(Given records)

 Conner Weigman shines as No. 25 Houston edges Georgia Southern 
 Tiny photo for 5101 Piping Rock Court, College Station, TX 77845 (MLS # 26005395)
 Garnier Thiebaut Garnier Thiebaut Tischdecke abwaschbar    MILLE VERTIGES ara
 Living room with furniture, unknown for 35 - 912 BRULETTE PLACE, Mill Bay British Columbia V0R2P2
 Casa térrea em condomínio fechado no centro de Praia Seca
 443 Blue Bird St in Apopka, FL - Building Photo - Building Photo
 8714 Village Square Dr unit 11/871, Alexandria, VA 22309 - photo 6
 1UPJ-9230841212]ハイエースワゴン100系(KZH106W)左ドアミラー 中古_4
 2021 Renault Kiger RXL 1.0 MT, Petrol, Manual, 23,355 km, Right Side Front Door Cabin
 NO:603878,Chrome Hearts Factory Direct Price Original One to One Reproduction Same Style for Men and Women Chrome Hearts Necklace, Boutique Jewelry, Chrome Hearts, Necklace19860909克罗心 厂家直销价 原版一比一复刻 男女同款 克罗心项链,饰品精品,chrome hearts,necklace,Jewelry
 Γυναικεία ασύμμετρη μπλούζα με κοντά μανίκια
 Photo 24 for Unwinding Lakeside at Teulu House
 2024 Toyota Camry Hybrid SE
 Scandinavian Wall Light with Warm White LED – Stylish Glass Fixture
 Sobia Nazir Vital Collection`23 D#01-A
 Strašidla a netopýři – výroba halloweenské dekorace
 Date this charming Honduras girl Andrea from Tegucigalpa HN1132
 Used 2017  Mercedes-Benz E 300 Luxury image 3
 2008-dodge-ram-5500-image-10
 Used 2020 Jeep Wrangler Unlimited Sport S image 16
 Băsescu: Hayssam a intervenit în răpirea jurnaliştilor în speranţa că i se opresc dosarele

(Activity)
Return the lines above that include the string "Used".

(Response to this task)
 Used 2017  Mercedes-Benz E 300 Luxury image 3
 Used 2020 Jeep Wrangler Unlimited Sport S image 16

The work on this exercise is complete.